A second subtype of glia, referred
to as Drosophila astrocytes, extends cellular processes deeply into the neuropil and associates closely with axons, dendrites, and synapses ( Awasaki et al., 2008 and Doherty et al., 2009). Selleckchem HIF inhibitor One might not think so, but fly CNS glia have evolved a complex association with the vasculature (containing hemolymph), likely to maintain neuronal health. Gas exchange in Drosophila occurs through a series of trachea, gas filled tubules that penetrate most tissues in the fly, including the CNS. Within the cell cortex, trachea are tightly surrounded by glial membranes, likely from cortex glia, and within the neuropil tracheal elements are in close proximity to astrocyte membranes ( Pereanu et al., MAPK inhibitor 2007). These glia-trachea contacts provide an obvious potential route of gas exchange between CNS neuronal cell bodies and the environment. And what about nutrient delivery? The Drosophila nervous system is surrounded by a multilayered BBB, which is composed of an outermost neural lamella (a carbohydrate-based extracellular matrix), a layer of glial cells termed perineurial glia, and then subperineurial glia (SPGs) ( DeSalvo et al., 2011). SPGs are flattened, surround the entire CNS, and form pleated septate junctions with one another that act as a BBB. The
entire BBB structure can be thought of as an inside-out blood vessel—hemolymph is on the outside and, to get in, the CNS molecules must pass through the neural lamella (a charge and size exclusion barrier).

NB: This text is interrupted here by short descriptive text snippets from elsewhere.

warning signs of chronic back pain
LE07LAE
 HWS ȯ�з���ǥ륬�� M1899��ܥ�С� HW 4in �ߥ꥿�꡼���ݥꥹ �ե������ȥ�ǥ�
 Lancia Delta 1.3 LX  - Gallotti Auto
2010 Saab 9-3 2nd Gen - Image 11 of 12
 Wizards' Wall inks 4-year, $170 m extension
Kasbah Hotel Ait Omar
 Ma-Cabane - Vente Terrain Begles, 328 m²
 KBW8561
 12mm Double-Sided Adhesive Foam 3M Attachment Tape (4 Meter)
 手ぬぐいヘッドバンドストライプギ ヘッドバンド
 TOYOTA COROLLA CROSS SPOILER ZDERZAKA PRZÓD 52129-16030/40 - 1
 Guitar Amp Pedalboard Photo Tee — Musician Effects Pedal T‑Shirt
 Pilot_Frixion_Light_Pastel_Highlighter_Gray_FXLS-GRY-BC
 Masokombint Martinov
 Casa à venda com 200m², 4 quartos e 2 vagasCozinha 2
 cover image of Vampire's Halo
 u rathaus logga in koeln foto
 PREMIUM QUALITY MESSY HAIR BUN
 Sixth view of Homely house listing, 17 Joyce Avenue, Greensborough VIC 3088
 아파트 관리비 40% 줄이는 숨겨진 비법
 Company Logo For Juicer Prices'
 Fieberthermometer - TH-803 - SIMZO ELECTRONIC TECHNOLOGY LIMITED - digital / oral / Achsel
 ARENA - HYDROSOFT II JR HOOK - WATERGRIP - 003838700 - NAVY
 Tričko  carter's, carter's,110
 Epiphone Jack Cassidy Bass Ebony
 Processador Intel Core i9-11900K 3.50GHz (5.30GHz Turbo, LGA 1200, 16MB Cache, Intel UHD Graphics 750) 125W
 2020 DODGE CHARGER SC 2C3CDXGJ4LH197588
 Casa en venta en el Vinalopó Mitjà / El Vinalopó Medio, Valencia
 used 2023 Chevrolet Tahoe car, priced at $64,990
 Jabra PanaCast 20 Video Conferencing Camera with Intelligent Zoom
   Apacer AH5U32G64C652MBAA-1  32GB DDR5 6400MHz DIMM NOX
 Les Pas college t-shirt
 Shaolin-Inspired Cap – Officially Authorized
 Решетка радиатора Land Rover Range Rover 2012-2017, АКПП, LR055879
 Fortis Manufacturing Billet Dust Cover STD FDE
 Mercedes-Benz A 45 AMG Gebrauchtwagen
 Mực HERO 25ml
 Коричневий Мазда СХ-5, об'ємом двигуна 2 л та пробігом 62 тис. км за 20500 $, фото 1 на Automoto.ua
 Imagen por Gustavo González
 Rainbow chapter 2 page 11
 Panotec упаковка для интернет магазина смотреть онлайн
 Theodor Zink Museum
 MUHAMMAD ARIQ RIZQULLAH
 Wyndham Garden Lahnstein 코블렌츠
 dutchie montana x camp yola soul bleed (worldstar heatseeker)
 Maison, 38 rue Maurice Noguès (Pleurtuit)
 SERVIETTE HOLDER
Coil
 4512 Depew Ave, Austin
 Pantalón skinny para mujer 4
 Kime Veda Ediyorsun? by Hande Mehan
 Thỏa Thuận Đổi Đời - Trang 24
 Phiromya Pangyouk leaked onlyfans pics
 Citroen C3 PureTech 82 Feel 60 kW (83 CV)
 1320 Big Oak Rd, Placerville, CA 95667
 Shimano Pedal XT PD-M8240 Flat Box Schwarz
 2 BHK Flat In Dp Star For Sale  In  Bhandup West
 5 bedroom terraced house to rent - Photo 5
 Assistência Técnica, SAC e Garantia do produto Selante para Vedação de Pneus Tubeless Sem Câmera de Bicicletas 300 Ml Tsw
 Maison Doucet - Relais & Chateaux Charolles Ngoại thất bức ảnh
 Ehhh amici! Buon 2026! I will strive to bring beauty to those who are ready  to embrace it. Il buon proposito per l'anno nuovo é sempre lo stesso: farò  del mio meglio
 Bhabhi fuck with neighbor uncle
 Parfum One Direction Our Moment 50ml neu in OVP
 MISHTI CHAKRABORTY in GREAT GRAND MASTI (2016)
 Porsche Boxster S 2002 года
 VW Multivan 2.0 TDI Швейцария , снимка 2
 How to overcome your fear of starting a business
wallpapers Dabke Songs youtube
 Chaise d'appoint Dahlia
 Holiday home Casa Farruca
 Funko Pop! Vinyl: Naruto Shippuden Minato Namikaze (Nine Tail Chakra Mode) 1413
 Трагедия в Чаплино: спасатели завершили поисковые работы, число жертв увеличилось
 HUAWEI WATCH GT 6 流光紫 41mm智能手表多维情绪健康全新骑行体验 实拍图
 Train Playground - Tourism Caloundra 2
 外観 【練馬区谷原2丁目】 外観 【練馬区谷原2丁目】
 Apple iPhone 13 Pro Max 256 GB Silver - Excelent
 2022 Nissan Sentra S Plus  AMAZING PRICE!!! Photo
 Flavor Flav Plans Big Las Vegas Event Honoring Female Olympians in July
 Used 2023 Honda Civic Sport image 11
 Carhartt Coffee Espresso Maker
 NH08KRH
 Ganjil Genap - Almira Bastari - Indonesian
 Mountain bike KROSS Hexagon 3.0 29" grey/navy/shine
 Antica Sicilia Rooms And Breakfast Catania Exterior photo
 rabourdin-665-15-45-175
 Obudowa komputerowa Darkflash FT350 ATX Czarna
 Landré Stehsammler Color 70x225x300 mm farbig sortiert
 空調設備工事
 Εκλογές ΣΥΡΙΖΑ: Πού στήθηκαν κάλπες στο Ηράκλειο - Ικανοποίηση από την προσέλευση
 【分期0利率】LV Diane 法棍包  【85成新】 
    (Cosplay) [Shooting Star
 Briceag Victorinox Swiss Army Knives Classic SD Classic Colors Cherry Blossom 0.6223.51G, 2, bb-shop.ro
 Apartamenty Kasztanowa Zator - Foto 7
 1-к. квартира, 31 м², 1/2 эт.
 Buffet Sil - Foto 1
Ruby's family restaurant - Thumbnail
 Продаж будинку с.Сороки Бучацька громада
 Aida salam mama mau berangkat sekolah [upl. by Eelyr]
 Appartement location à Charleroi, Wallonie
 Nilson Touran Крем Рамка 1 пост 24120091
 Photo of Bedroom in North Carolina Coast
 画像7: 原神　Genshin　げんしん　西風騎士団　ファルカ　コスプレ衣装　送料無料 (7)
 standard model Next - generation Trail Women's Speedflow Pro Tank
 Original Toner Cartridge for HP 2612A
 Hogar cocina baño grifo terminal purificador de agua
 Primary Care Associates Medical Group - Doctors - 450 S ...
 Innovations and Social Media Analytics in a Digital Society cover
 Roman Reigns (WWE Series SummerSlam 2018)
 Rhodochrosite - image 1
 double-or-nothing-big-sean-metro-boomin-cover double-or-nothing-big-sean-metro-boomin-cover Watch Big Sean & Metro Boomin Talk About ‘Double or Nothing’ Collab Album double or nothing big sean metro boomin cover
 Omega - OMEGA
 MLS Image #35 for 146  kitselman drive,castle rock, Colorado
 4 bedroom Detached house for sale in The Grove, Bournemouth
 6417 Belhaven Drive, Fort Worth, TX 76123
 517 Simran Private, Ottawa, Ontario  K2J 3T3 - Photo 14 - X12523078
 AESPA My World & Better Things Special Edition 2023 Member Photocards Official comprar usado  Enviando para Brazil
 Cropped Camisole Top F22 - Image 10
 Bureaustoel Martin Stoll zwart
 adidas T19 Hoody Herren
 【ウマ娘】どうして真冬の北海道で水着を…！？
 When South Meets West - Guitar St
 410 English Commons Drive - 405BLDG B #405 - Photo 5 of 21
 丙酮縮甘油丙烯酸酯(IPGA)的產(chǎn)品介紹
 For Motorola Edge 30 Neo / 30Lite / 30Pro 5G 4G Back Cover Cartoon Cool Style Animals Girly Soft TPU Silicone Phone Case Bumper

The PGs and SPGs (the latter sealed with tight junctions) are probably the site of exchange of ions, metabolites, growth factors, and other molecules that travel into and out of the CNS. The final subtype of CNS Mephenoxalone glia is ensheathing cells, which form a layer between the neuropil and cell cortex but also penetrate the neuropil to compartmentalize different regions of the brain. Rhombomeres of the vertebrate CNS are an example where compartmentalization of brain structures is important for segregating function;
whether this is also the case for Drosophila glial brain segregation remains for the moment speculative. Certainly these cells are critical to maintain brain health—after injury, ensheathing glia become “reactive” and extend membranes to sites of injury, where they phagocytose degenerating neuronal material ( MacDonald et al., 2006). Certain functional roles for glial cells in the fly are analogous to those defined in mammals. Drosophila CNS glia express glutamate transporters, glutamine synthetase, and GABA transporters presumably to aid in neurotransmitter recycling ( Rival et al., 2004 and Soustelle et al., 2002). They guide axon outgrowth, dendrite morphogenesis, and provide trophic support required for neuronal survival ( Edenfeld et al., 2005 and Freeman and Doherty, 2006). Peripheral glial cells are important for maintaining nerve health, NMJ integrity, and growth.